CiliumClustermeshRemoteClusterNotReady
Unresolved include directive in modules/ROOT/pages/runbooks/CiliumClustermeshRemoteClusterNotReady.adoc - include::partial$runbooks/contribution_note.adoc[]
Overview
This alert fires if a remote cluster is not reachable from a node for 10 minutes or longer. This usually indicates one of the following two:
-
A local issue on the node prevents the Cilium agent to connect to the remote cluster or the cluster mesh API server
-
The remote cluster’s cluster mesh API server is not available
-
There are network issues preventing cluster mesh connectivity
Depending on the network configuration, there may be static routes on each node for the remote cluster’s cluster mesh API server. |
When using KVStoreMesh, the agents on the cluster connect to the local cache of the remote cluster mesh API server. |
Steps for debugging
The steps in this section assume that your current Kubernetes context points to the source cluster. |
This section assumes that you’re running cluster mesh with the cluster mesh API server enabled. |
Prerequisites
-
cilium
CLI, install from cilium/cilium-cli
Identifying the root cause
First, check the source cluster’s overall cluster mesh status
cilium -n cilium clustermesh status --as=cluster-admin (1)
1 | --as=cluster-admin is required on VSHN Managed OpenShift, may need to be left out on other clusters. |
If the output indicates that all nodes are unable to connect to the remote cluster’s clustermesh API, it’s likely that the issue is either on the remote cluster, or in the network between the clusters.
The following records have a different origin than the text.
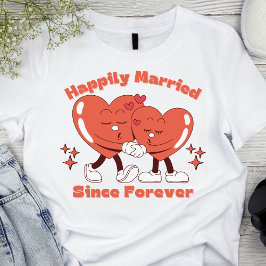 Camiseta Feliz matrimonio desde siempre - Regalo de pareja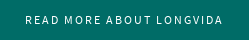 READ MORE ABOUT LONGVIDA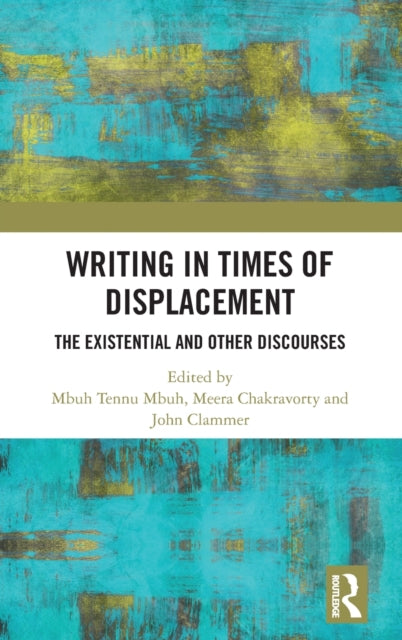 Book cover of: Writing in Times of Displacement. By: Mbu Mbu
If the output indicates that only a few source nodes are affected, it’s likely that the issue is in the Cilium agent or the routing configuration of the nodes.
Investigating cluster mesh API
The cluster mesh API runs in the cilium
namespace as deployment clustermesh-apiserver
.
Check that the pod runs and check the logs for errors with
kubectl -n cilium get pods -l app.kubernetes.io/name=clustermesh-apiserver
kubectl -n cilium logs deploy/clustermesh-apiserver --all-containers
Checking connectivity from a Cilium agent pod
If the cilium clustermesh status
output indicates that only a few nodes are affected, you can run a more detailed check from the nodes' agent pods.
In the output of these command, you should see whether the agent can connect to the cluster mesh API and whether the clustermesh certificates are still valid.
NODE=<node name of affected node> (1)
AGENT_POD=$(kubectl -n cilium get pods --field-selector=spec.nodeName=$NODE \
-l app.kubernetes.io/name=cilium-agent -oname)
kubectl -n cilium exec -it $AGENT_POD --as=cluster-admin -- cilium status (2)
kubectl -n cilium exec -it $AGENT_POD --as=cluster-admin -- cilium troubleshoot clustermesh (3)
1 | Set this to the name of an affected node’s Node object |
2 | Show a summary of the Cilium agent status. You should see in the output of this command whether the agent can’t reach one or more of the remote cluster’s nodes. |
3 | This command will show connection details to the remote cluster’s cluster mesh API server or the local cache in case you’re using KVStoreMesh. |
--as=cluster-admin may need to be left out on some clusters.
|
If the output of cilium troubleshoot clustermesh
refers to the local cluster’s cluster mesh API server, it’s likely that you’re using KVStoreMesh.
In that case you can check the KVStoreMesh connection to the remote cluster mesh API server in the clustermesh-apiserver
deployment:
kubectl -n cilium --as=cluster-admin exec -it deploy/clustermesh-apiserver -c kvstoremesh -- \
clustermesh-apiserver kvstoremesh-dbg status (1)
kubectl exec -it -n cilium --as=cluster-admin deploy/clustermesh-apiserver -c kvstoremesh -- \
clustermesh-apiserver kvstoremesh-dbg troubleshoot (2)
1 | Show a connection summary of the KVStoreMesh |
2 | Show connection details of the KVStoreMesh |
You can also run cilium-health status --probe
in the agent pod to actively probe the node to node connectivity:
kubectl -n cilium exec -it $AGENT_POD --as=cluster-admin -- cilium-health status --probe
Checking node routing tables and connectivity
For setups which use static routes to make the nodes of the clusters participating in the cluster mesh reachable from each other, you can check the routing tables on the host and verify connectivity with ping
.
NODE=<node name of affected node>
REMOTE_NODE=<ip of a node in the remote cluster>
oc -n syn-debug-nodes debug node/${NODE} --as=cluster-admin -- chroot /host ip r
oc -n syn-debug-nodes debug node/${NODE} --as=cluster-admin -- chroot /host ping -c4 ${REMOTE_NODE}
DEBUG_IMAGE=ghcr.io/digitalocean-packages/doks-debug:latest (1)
NODE=<node name of affected node>
REMOTE_NODE=<ip of a node in the remote cluster>
kubectl debug node/${NODE} -it --image=${DEBUG_IMAGE} -- ip r
kubectl debug node/${NODE} -it --image=${DEBUG_IMAGE} -- ping -c4 ${REMOTE_NODE} (2)
1 | We’re using the DigitalOcean doks-debug image, which comes with a bunch of common tools installed.
See digitalocean/doks-debug for details. |
2 | This command hasn’t been tested yet, it’s possible that your cluster configuration will not allow ping in node debug containers. |